Only the strong survive…

What if we were like a plant that could not adapt to its environment?  We would struggle and eventually whither when we pulled up our roots from the soil we first inhabited. Adaptable spouses share a couple of characteristics. First, they resolve to thrive in the most hostile environments.  Consider the cactus. It may not be the plant you would give for Valentine’s Day, but it is a plant that will survive in the harshest surroundings. Contrast this to the orchid, which is beautiful but temperamental. The environment has to be almost perfect to keep the blooms from falling off. Second, practice makes perfect, and when military spouses learn to evolve, they learn to morph their strategy for care and feeding to fit the available resources in new, unfamiliar territory.  I would rather be the plant that can adapt, that can take root in the rockiest climate, that can find a way to care and feed in the coarsest of surroundings, because I know my roots are only one set of orders away from being transplanted in new soil.

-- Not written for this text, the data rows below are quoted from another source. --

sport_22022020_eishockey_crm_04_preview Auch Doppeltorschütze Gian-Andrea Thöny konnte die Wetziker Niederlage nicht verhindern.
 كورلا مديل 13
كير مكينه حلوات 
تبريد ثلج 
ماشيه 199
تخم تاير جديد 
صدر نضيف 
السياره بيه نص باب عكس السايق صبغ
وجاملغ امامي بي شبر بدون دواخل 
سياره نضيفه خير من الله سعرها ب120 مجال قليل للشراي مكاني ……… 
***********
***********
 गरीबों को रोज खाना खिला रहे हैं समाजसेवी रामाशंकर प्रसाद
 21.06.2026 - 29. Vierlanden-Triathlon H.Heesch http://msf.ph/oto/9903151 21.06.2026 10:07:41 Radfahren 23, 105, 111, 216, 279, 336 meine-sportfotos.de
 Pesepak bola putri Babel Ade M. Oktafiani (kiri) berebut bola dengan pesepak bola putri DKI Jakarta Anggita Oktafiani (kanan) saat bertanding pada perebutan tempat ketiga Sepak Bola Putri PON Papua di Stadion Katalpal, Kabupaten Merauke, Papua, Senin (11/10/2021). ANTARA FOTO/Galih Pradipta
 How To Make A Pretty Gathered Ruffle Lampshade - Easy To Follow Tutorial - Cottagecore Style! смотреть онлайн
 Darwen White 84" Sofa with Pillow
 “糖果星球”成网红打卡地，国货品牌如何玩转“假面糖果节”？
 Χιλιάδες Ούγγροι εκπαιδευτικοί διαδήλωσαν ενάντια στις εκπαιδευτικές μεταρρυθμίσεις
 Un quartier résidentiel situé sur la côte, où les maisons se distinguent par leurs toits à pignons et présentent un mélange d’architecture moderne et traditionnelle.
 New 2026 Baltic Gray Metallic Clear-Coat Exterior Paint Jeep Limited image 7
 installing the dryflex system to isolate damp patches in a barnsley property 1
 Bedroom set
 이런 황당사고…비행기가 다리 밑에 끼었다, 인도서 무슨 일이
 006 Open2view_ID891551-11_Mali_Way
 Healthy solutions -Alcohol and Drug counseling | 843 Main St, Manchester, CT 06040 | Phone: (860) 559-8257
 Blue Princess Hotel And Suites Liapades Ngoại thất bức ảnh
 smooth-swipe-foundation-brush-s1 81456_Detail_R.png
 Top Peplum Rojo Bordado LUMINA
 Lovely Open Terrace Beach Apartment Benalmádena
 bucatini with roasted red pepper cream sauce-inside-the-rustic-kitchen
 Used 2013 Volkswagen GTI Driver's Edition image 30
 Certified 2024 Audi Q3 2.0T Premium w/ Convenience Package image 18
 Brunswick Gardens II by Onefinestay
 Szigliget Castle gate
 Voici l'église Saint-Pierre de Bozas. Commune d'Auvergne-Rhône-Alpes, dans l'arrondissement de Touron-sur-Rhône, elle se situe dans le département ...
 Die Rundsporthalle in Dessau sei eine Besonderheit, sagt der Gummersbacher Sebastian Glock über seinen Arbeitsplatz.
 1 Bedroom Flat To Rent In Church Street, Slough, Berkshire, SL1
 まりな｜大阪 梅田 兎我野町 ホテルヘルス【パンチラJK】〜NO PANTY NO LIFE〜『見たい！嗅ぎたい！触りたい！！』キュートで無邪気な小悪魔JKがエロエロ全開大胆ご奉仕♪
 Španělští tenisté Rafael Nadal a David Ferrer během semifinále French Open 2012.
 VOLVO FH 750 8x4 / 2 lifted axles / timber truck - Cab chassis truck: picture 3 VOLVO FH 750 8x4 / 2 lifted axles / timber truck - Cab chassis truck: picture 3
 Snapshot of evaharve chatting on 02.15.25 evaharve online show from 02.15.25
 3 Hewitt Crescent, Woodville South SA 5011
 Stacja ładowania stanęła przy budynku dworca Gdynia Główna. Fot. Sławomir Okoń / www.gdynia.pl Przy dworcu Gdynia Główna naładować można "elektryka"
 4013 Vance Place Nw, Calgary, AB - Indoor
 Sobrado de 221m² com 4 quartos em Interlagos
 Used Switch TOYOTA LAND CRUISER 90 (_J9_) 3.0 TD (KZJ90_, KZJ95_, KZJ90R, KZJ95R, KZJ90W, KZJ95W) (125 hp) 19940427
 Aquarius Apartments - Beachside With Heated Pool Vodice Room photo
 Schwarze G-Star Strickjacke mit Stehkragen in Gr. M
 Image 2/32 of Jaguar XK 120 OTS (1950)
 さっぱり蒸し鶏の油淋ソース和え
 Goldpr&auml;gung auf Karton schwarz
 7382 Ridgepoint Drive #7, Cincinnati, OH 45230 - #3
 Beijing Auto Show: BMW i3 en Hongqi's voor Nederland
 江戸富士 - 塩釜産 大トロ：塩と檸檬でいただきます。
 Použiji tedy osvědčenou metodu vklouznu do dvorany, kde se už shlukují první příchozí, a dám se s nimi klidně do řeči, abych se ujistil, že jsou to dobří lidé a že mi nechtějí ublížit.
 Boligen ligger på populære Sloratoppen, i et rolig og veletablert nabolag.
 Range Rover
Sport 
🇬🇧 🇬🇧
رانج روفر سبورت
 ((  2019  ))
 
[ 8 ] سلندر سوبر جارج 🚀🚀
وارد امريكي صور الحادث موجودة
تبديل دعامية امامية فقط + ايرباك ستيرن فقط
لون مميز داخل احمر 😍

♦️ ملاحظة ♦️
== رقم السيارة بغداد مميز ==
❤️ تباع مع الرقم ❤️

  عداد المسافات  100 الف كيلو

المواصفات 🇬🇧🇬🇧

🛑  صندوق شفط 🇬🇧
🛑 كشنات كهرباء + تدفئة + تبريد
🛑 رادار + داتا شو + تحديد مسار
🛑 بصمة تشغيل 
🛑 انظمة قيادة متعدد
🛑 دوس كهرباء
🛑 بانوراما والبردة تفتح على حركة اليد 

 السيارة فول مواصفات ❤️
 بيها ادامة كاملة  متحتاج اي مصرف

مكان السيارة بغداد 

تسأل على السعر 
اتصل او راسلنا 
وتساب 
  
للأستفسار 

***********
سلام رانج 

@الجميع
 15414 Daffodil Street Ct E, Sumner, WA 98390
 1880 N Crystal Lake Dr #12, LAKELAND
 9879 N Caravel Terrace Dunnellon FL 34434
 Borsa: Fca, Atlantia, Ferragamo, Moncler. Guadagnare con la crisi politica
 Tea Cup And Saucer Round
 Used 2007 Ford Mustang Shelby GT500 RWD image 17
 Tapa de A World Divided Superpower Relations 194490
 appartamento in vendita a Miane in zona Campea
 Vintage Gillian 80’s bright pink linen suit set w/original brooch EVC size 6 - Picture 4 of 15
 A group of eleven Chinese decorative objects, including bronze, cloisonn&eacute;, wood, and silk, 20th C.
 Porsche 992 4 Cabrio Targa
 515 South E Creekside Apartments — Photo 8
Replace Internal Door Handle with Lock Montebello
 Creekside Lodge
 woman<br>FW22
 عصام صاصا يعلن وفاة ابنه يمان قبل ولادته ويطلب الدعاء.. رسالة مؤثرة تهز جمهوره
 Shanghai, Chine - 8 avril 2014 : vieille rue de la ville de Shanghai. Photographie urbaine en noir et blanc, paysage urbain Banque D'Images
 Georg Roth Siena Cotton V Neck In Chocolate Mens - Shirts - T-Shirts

New soil means new opportunities…

My family is from the South.  In true Southern fashion, I twirled the baton for years, listened to many a country music album, and was occasionally greeted with NASCAR on the TV on Sunday afternoon. Yet, my mother shocked everyone at the mother’s tea before my 1991 Debutante ball, in the small town where our family is from, when she introduced herself by her own first name instead of Mrs. “insert husband’s full name here.” Like I said, Southern. While this may seem like an absurd example to some, this was a real break from protocol for that particular event. We had moved to a larger metro area some years before and while my mother appreciated the benefits of this small, close-knit community, she was also willing to be the outlier in a group of ladies who rarely deviated from tradition. Our new city did not have the comfortable feel of our home town, but it had positive attributes as well. What I learned from that was first, how to shock a group of junior league ladies, and second, just how dramatically a new atmosphere can adjust your perception of the world. To be a military spouse is no different – adapting to a new climate just makes us better at transplanting to the rockiest soil quickly and efficiently, where we can bloom anew.